Abstract


Joseph Brent's Peirce: The Question of Ethics

Kelly Parker
Department of Philosophy
Grand Valley State University
Allendale, MI 49401-9403
Email parkerk@gvsu.edu
http://www.gvsu.edu/acad/phi/


In the concluding chapter of Charles Sanders Peirce: A Life (Bloomington: Indiana University Press, 1993), Joseph Brent asserts that a certain "moral blindness" kept Peirce from the position of leadership in American academic philosophy that he would otherwise have attained. Brent argues that this blindness was not merely a tragic personal flaw, but is symptomatic of a corresponding flaw in his philosophical system.

Specifically, Brent objects that Peirce's synechism "cannot provide a way to distinguish good from evil. If the principle governing ethics is harmonious continuity (or generalized habit), whatever is, is best in the long run" (Brent, 343). Peirce's philosophy, in short, cannot adequately ground ethics as Brent conceives ethics.
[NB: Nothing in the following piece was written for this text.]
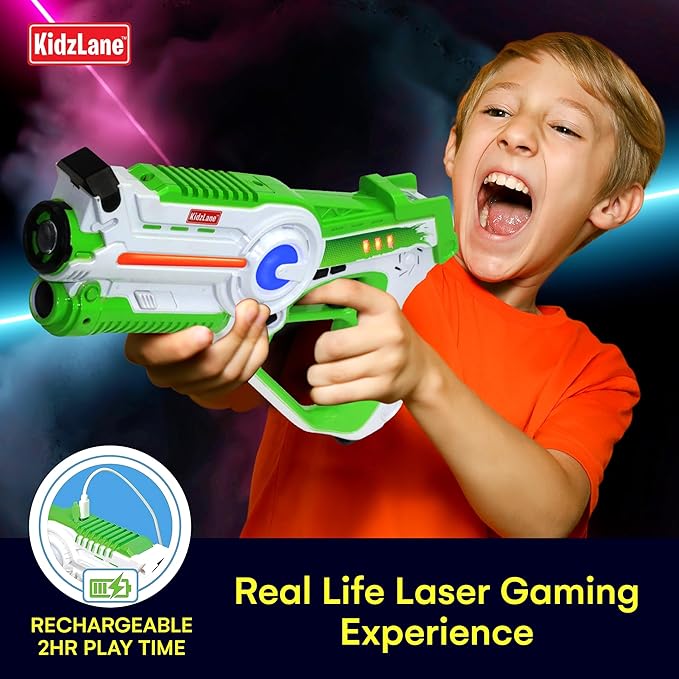Kidzlane - Rechargeable Laser Tag Guns Set of 4 - High-Tech Infrared Laser Tag for Kids and Adults with Realistic Sounds, Vibrations and LED Lights - 4-Team Multiplayer Game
Peirce wrote too little on esthetics and ethics, as he himself often said. I maintain, however, that he wrote enough to show that the second part of Brent's assertion -- that in Peirce's view, "whatever is, is best in the long run" -- is wrong. Moreover, the first part of Brent's assertion -- that Peirce's philosophy provides no unambiguous way to distinguish good from evil -- may in fact point toward a strength in Peirce's system. The moral sphere is always ambiguous, and Brent's criticism may reflect a misguided (though widespread) conception of ethics which it was Peirce's hope to dispel.

A developed Peircean ethical theory may well provide a better account of the real nature of ethical thought and right action than do the more familiar Enlightenment theories. A preliminary sketch of such a Peircean ethical theory is developed in the course of arguing against Brent's criticisms.